[[ RECORDS SUPPLIED, beginning ]]
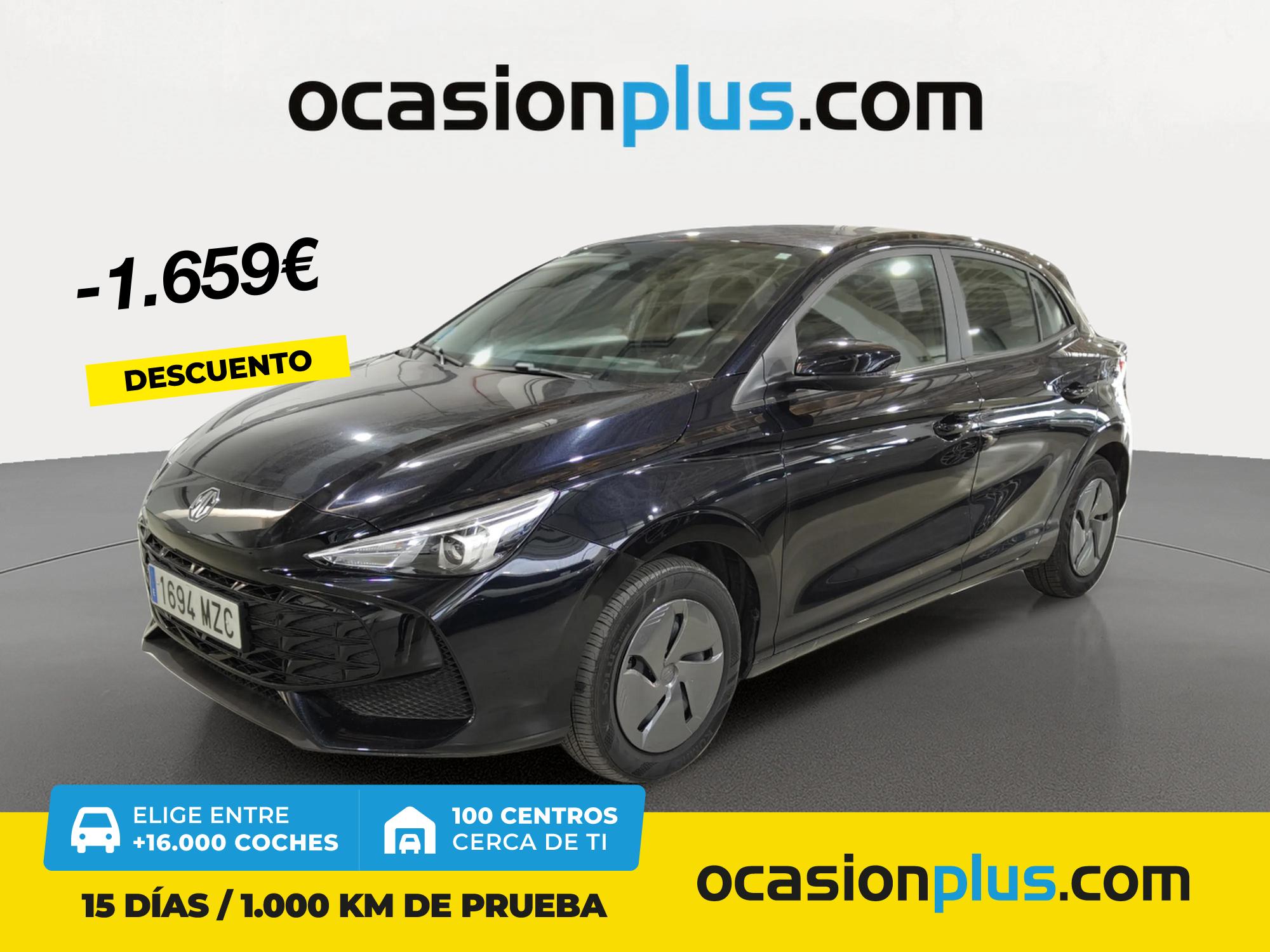 MG 3 (Hybrid+ Standard 143 kW (195 CV)) en Madrid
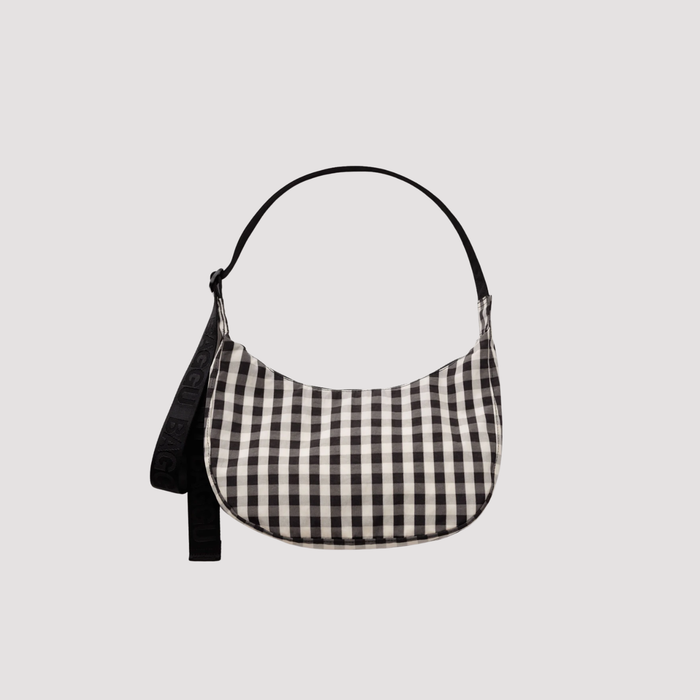 Black and Cream Gingham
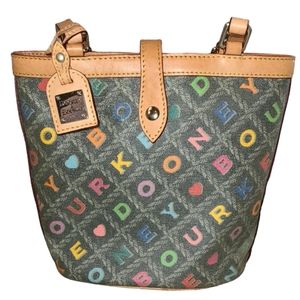 Dooney & Bourke Monogram Bucket Bag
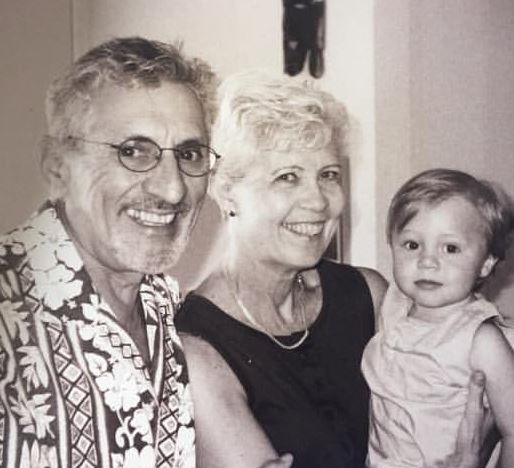 Myles Mantzaris's paternal grandparents
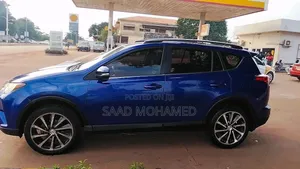 Toyota RAV4 LE 4dr SUV AWD (2.5L 4cyl 6A) 2015 Blue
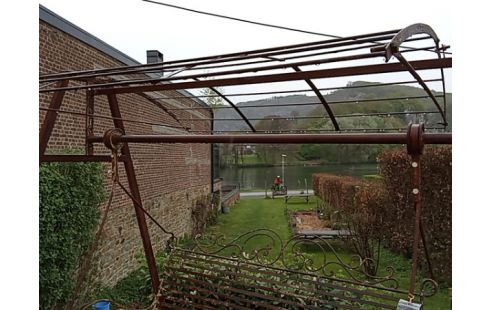 BALANCELLE FER FORGÉ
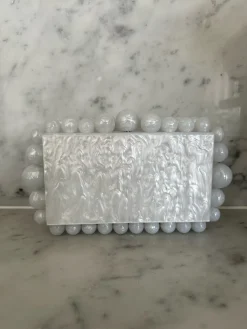 Bonita's Cloud Clutch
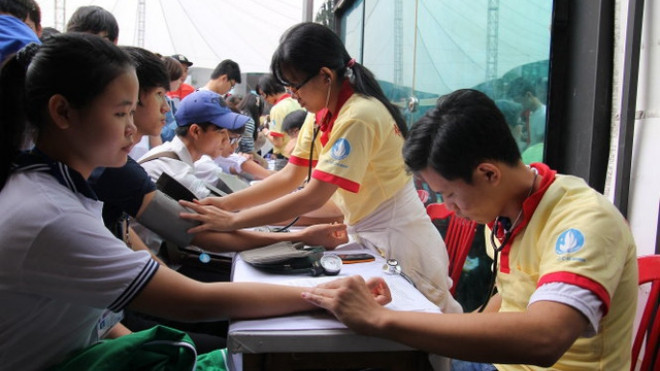 Thanh tra Trung tâm Hiến máu nhân đạo TP HCM Ảnh 2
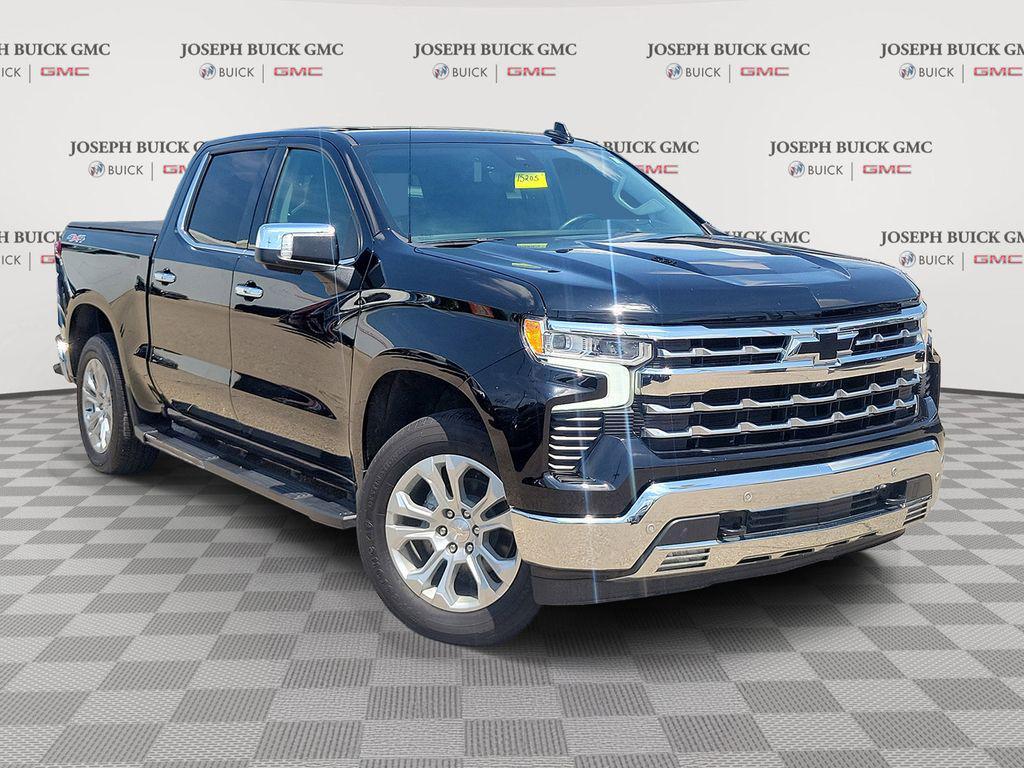 used 2023 Chevrolet Silverado 1500 car, priced at $45,000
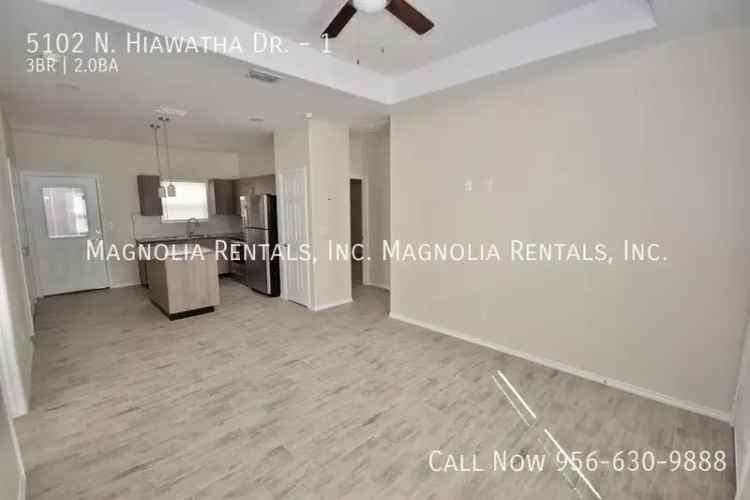 Rent Apartment Unit in Pharr TX with 3 Bedrooms and Modern Features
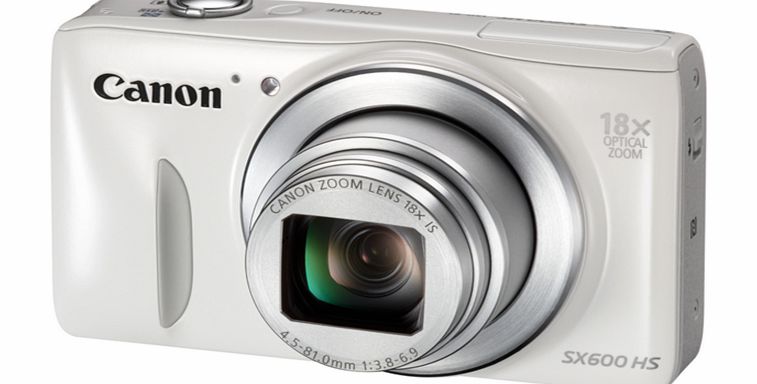 Canon PowerShot SX600 White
[[ RECORDS SUPPLIED, end ]]
* [YOUR GOAL]
Skipping any pictures, copy the line that holds "Black and Cream Gingham" and each line after it through the last line of the records, unchanged, and no other lines.

* [OUTPUT]
 Black and Cream Gingham
 Dooney & Bourke Monogram Bucket Bag
 Myles Mantzaris's paternal grandparents
 Toyota RAV4 LE 4dr SUV AWD (2.5L 4cyl 6A) 2015 Blue
 BALANCELLE FER FORGÉ
 Bonita's Cloud Clutch
 Thanh tra Trung tâm Hiến máu nhân đạo TP HCM Ảnh 2
 used 2023 Chevrolet Silverado 1500 car, priced at $45,000
 Rent Apartment Unit in Pharr TX with 3 Bedrooms and Modern Features
 Canon PowerShot SX600 White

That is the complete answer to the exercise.